**Exercise description**
Return each line of the data below verbatim; pictures are to be left out.
Data provided START
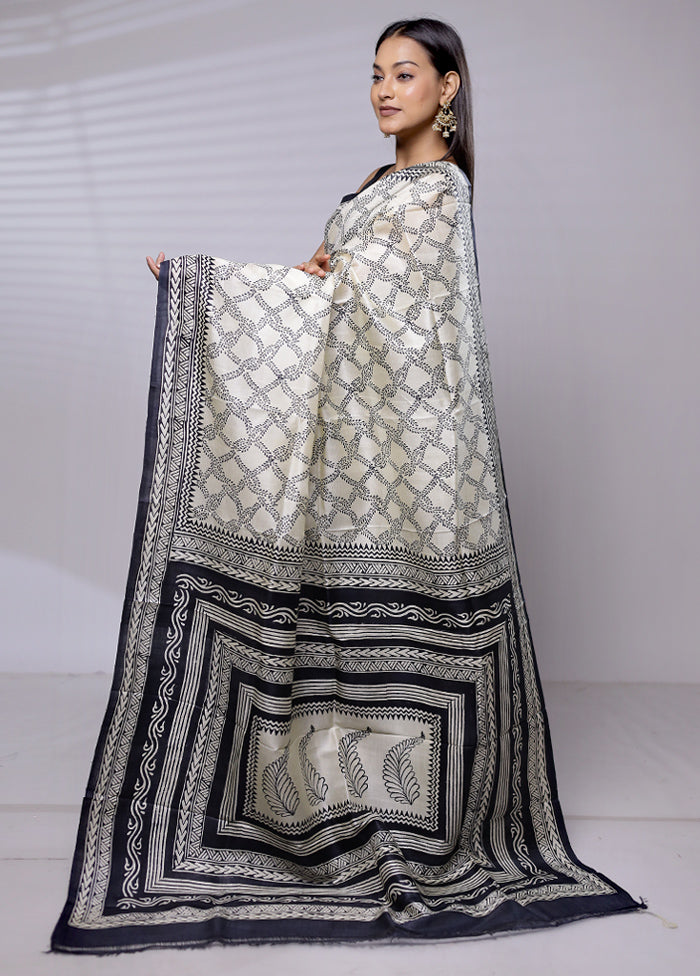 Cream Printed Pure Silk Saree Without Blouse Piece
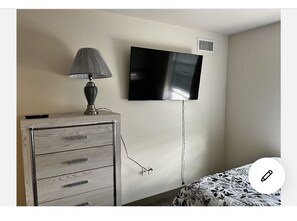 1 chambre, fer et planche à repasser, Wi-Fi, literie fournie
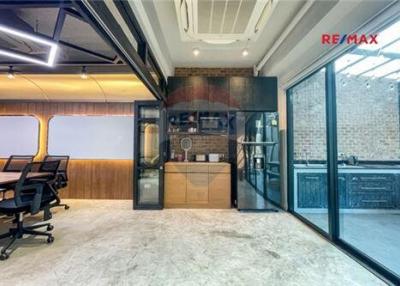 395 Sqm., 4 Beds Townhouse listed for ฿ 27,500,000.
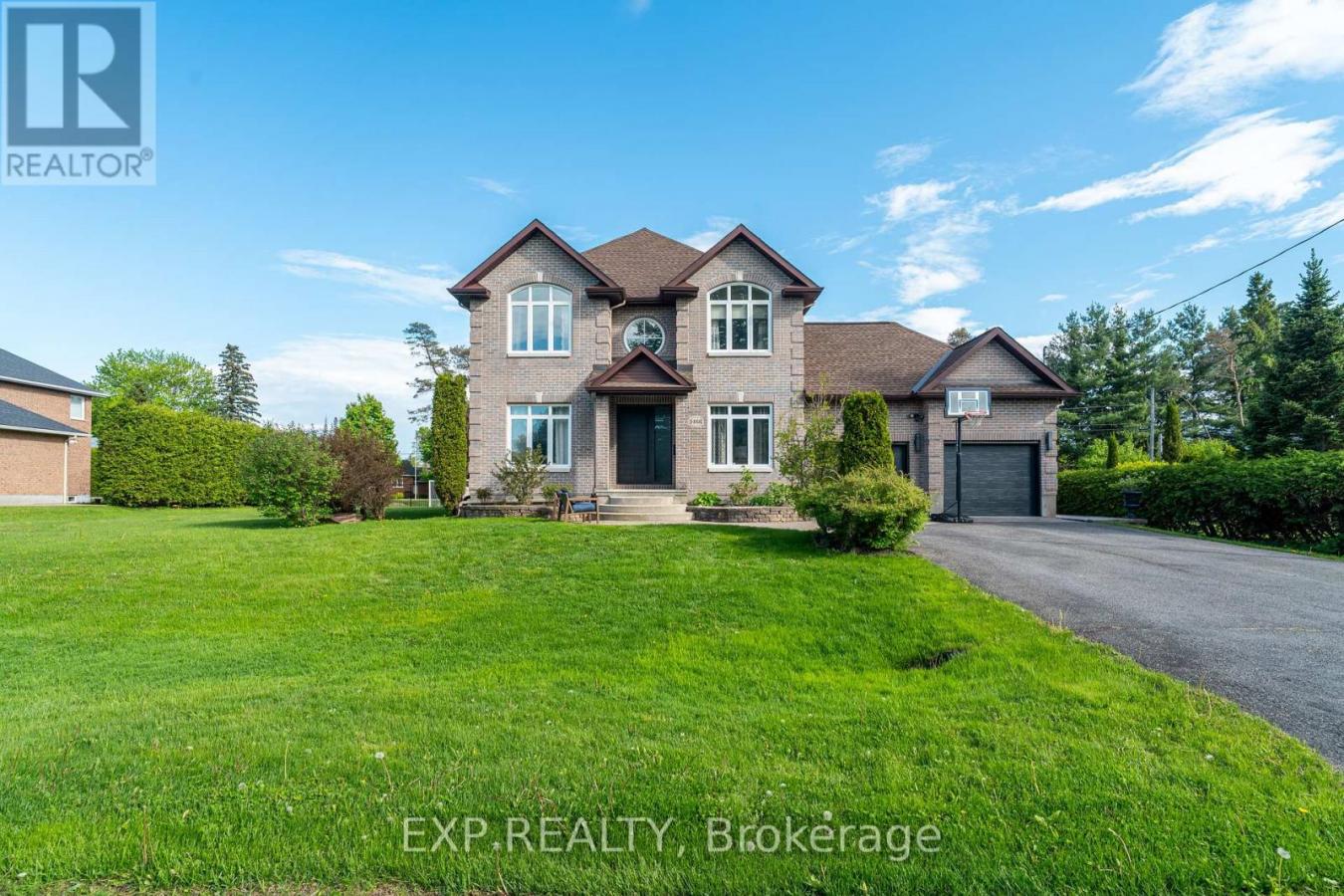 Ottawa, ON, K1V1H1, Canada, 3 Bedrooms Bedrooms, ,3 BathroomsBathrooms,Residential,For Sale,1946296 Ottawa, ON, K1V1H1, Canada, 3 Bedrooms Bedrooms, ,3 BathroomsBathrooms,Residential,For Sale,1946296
Data provided END
**Expected answer**
 Cream Printed Pure Silk Saree Without Blouse Piece
 1 chambre, fer et planche à repasser, Wi-Fi, literie fournie
 395 Sqm., 4 Beds Townhouse listed for ฿ 27,500,000.
 Ottawa, ON, K1V1H1, Canada, 3 Bedrooms Bedrooms, ,3 BathroomsBathrooms,Residential,For Sale,1946296 Ottawa, ON, K1V1H1, Canada, 3 Bedrooms Bedrooms, ,3 BathroomsBathrooms,Residential,For Sale,1946296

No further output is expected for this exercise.